Les responsables de ces centres – William Étienne, Marriantha Méroné, Jude Marcelin et René Jacques Laguerre – sont pointés du doigt pour avoir perçu ces frais indûment, alors qu’ils savaient qu’aucune base légale ne justifiait ces montants. Ils sont ainsi poursuivis pour concussion, selon la loi du 12 mars 2024 relative à la lutte contre la corruption.
Une gestion opaque des fonds collectés
Le rapport souligne également une gestion informelle et non transparente des fonds perçus. D’après les déclarations recueillies, ces frais supplémentaires servaient à couvrir les dépenses quotidiennes des CLRDI – carburant, personnel, équipements – sans aucun contrôle de la Direction Générale des Impôts (DGI), normalement en charge de la collecte des recettes publiques. Les paiements s’effectuaient directement en espèces, sans traçabilité ni supervision, renforçant les risques de détournement.
Jean Osselin Lambert, directeur par intérim de la DIE, a lui-même reconnu que le transfert des fonds vers la comptabilité centrale se faisait « selon le bon vouloir des responsables », sans obligation ni régularité. Dans plus de 75 % des cas, les dépenses étaient engagées sans autorisation formelle, ni pièce justificative, ni rapport comptable.

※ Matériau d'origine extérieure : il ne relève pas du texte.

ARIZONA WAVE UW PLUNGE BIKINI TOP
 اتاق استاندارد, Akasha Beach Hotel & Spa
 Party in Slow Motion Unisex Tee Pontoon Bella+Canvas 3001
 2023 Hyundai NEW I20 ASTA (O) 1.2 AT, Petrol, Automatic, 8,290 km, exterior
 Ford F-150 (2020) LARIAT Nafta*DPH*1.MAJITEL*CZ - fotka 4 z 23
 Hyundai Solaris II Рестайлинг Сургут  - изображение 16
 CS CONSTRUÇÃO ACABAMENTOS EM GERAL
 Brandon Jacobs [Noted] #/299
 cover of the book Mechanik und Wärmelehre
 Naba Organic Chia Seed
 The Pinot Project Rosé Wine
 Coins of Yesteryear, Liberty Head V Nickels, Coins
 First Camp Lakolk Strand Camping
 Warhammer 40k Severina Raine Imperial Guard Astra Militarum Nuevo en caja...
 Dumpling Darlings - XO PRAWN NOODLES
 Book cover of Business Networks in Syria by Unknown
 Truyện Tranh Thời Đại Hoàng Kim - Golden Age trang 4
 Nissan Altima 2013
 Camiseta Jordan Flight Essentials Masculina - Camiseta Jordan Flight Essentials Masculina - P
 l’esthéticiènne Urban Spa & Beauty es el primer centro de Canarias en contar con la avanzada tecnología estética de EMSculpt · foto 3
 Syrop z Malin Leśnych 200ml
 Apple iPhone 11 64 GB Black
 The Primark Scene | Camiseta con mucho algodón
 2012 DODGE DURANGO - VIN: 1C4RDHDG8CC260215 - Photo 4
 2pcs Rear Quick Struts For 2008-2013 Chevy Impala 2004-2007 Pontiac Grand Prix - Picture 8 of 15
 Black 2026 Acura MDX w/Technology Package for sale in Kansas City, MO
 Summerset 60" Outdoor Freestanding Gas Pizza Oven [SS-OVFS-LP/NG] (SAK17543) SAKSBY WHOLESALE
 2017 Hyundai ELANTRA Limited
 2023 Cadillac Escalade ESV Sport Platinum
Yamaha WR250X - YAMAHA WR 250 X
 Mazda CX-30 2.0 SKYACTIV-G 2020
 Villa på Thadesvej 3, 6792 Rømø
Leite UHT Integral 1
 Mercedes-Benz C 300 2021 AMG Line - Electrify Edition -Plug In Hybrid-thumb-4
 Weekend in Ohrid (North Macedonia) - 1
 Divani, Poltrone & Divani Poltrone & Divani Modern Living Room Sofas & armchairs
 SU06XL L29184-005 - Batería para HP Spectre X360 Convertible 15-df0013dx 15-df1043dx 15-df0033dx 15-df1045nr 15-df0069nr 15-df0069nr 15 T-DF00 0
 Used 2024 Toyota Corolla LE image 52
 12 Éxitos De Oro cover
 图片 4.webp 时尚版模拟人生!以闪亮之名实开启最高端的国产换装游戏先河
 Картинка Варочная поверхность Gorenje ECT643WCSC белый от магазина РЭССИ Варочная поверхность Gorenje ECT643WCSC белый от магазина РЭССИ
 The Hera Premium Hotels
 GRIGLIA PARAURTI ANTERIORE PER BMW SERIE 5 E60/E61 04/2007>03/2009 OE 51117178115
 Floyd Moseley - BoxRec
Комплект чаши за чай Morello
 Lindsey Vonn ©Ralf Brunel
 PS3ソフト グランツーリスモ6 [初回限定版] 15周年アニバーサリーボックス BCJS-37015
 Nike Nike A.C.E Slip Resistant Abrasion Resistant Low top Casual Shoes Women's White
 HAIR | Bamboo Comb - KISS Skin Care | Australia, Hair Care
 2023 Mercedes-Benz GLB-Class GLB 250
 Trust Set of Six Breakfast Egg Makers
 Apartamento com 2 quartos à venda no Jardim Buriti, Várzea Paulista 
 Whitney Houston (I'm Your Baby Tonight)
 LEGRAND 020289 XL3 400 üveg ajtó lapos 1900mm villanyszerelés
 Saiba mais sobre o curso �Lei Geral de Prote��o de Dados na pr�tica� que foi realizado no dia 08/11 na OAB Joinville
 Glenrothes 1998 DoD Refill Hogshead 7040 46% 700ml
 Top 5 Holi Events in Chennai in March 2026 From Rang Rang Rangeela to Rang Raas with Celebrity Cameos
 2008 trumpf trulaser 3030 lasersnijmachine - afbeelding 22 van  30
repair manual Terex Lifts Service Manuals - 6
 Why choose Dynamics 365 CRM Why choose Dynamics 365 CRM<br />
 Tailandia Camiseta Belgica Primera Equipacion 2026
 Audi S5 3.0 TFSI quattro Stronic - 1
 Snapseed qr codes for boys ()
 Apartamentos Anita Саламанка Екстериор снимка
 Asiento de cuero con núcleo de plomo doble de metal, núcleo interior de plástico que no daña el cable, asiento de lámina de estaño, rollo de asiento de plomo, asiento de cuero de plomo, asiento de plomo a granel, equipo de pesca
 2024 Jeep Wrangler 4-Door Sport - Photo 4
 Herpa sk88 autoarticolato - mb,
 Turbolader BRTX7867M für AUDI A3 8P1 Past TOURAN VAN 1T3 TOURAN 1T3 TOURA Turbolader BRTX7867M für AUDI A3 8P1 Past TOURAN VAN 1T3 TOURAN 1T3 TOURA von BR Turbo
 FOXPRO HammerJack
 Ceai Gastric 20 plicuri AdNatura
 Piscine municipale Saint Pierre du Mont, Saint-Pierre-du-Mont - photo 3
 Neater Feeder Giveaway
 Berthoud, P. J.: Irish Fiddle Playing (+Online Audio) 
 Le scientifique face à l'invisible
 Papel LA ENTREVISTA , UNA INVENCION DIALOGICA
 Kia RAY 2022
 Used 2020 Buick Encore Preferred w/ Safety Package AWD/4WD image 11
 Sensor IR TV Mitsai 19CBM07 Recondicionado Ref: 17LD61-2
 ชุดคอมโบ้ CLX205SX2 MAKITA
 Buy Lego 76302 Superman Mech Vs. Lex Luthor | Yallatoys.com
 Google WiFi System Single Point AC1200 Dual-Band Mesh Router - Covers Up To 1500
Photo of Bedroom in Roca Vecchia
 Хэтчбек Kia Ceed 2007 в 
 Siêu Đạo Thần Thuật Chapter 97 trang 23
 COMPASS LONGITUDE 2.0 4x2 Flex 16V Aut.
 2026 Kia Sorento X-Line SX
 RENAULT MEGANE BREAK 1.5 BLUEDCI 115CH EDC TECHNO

Une circulaire illégale et des violations multiples du droit
L’ULCC dénonce par ailleurs l’illégalité de la circulaire de juillet 2022, qui contrevient au décret de janvier 2021 publié dans Le Moniteur, fixant les droits de passeport. L’article 218 de la Constitution impose en effet que toute taxe soit établie par la loi, ce qui n’était pas le cas ici. Cette décision unilatérale du ministre de l’époque constitue, selon l’ULCC, un excès de pouvoir.
Des poursuites en vue et des recommandations
En plus des recommandations de poursuites judiciaires pour concussion à l’encontre des responsables incriminés, le rapport recommande une révision en profondeur du système de perception des frais dans les CLRDI. L’ULCC insiste sur la nécessité de réintégrer la DGI dans le circuit des recettes liées aux documents de voyage et d’instaurer un mécanisme de contrôle strict et transparent pour éviter toute répétition de ces dérives.
Toutefois, l’ULCC recommande des poursuites contre William Étienne, Marriantha Méroné, Jude Marcelin et René Jacques Laguerre, accusés de concussion pour avoir perçu illégalement plus de 72 millions de gourdes. L’ex-ministre Liszt Quitel est également visé pour excès de pouvoir.
Ces derniers temps, les failles systémiques de la gestion administrative haïtienne sont fréquentes, où l’absence de régulation et le contournement de la loi ouvrent la voie à la corruption. L’enjeu, désormais, est de savoir si la justice ira au bout de cette affaire.